O PT ligaria a geração de 1968 aos novos militantes do final da década de 1970, estes com pautas e interesses diversificados, que viam em Lula “um ícone unificador, apesar de suas diferenças”.
Lula alcançou um ponto tão alto na vida da nação que “o processo de contingência histórica” praticamente desapareceu de sua narrativa, reclama French.

A organização exitosa das greves de 1978-80, por exemplo, não estava dada. “Sem unidade de ação ou consciência comum, os metalúrgicos não pareciam terreno fértil para organizar, muito menos para montar, uma insurgência vigorosa e maciça”, diz o autor.

Como explicar esse fenômeno? Afinal, o governo não havia sido desafiado por trabalhadores dessa maneira em mais de uma década. A ditadura estava em processo de distensão, mas ninguém acreditava que as greves seriam atos impunes.
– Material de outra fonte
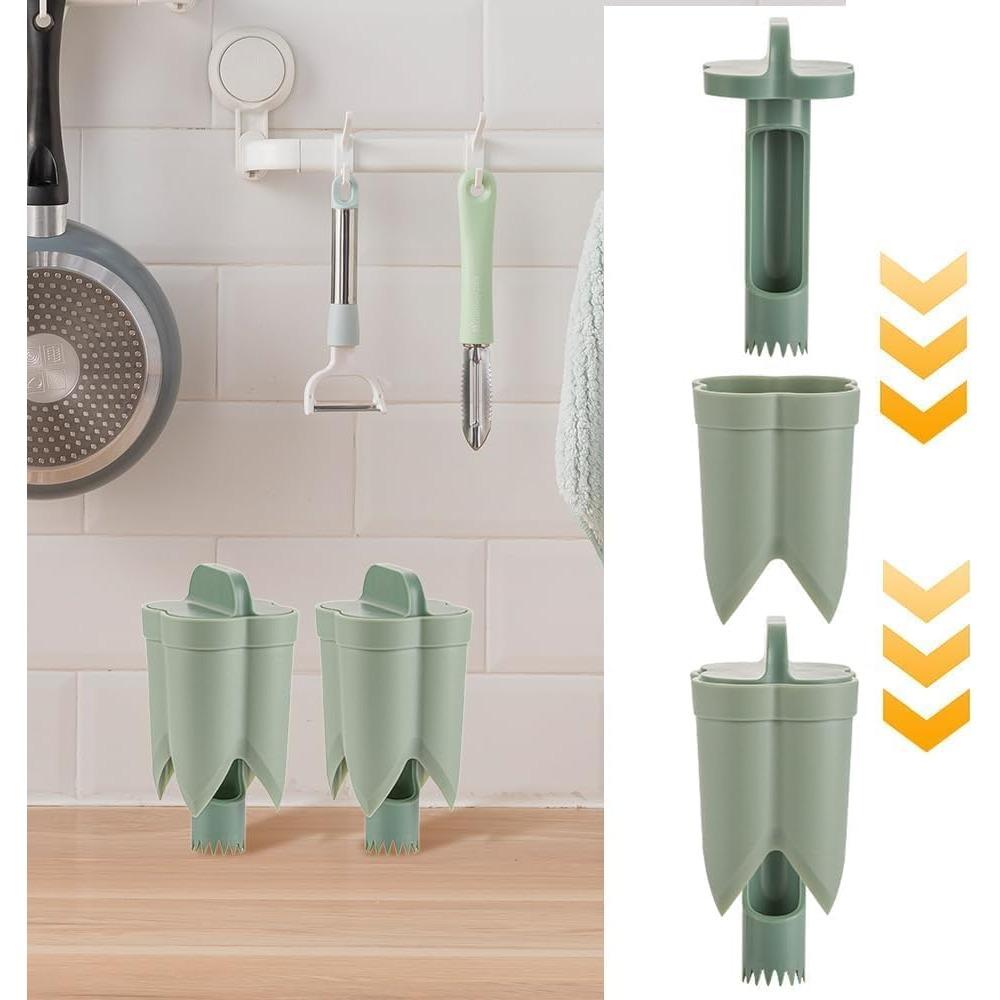 Pepper Seed Remover, 2-in-1 Bell Pepper Cutter and Coring Tool, Bell Pepper Corer, Vegetable Kitchen Gadget (green, 1 Piece)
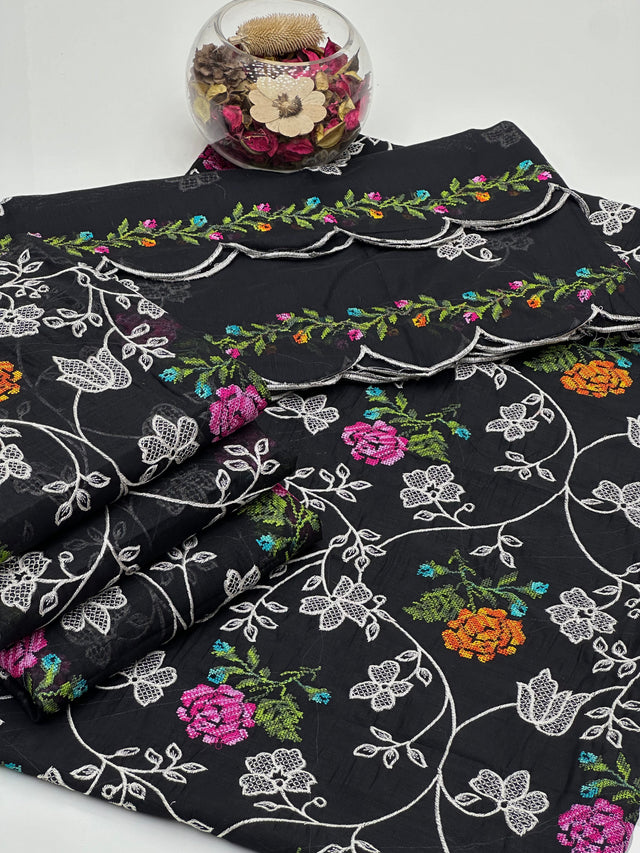 Paper Cotton Cross-Stitch Embroided 2 Pcs Dress KS0124032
Normalmente, esse momento icônico é explicado quase que inteiramente pelo carisma incomum do homem que viria a se tornar presidente duas décadas depois.

Todavia, como French bem lembra, Lula era desconhecido pela grande maioria dos operários em 1978. Poucos participavam da vida do sindicato e, assim, sabiam quem era seu líder. Militantes engajados como Alberto Eulálio —mais conhecido como Betão, que na época trabalhava na Ford—, formavam a linha de frente do movimento grevista, “soldados no exército de peões que Lula passou a comandar”.

Com a intensificação do movimento, o número de trabalhadores como Betão cresceu gradativamente, cada um apoiado e impulsionado pela atividade de seus pares. Uma disputa da escala daquela que ocorreu no ABC não se explica simplesmente pela relação do carismático Lula com as “massas,” French argumenta, e sim pela “multiplicação de espaços de convergência” e pela construção de novas relações “horizontais e verticais.”

Os próprios trabalhadores, inclusive Lula, passavam por um processo de autoafirmação e conscientização. Em 1979, “uma mobilização extraordinária produziu um caso de amor surpreendente entre as massas e Lula, seguido por um casamento duradouro entre organização e carisma”.

Com essa biografia, French tece um retrato vibrante da vida de uma pessoa cuja importância se deriva do fato de fazer parte de uma história mais ampla, uma história genuinamente nacional. Essas perspectivas interligadas, tanto individual quanto nacional, impulsionam a obra.

Na visão do autor, Lula sempre foi um institucionalista, seja a favor do sindicato ou do partido político a que ele pertence. “Ele nunca buscou uma relação sem mediação entre indivíduos dispersos e um salvador ungido,” elemento esse “central para a liderança ‘carismática’ ou ‘populista’”, de acordo com French.

Em 2017, em visita ao Instituto Multidisciplinar da UFRRJ (Universidade Federal Rural do Rio de Janeiro), Lula foi recebido de forma calorosa e animada, como mostra a foto de capa do livro.

Sobre o Instituto Multidisciplinar, inaugurado de forma definitiva em 2010, uma aluna entrevistada na ocasião da visita do então presidente falou da importância de haver uma universidade na Baixada Fluminense: “Te traz aquilo de ‘vamos tentar’”. Talvez nenhum discurso capte tão bem a história de Lula —uma história que, como French bem lembra, está ainda para ser escrita.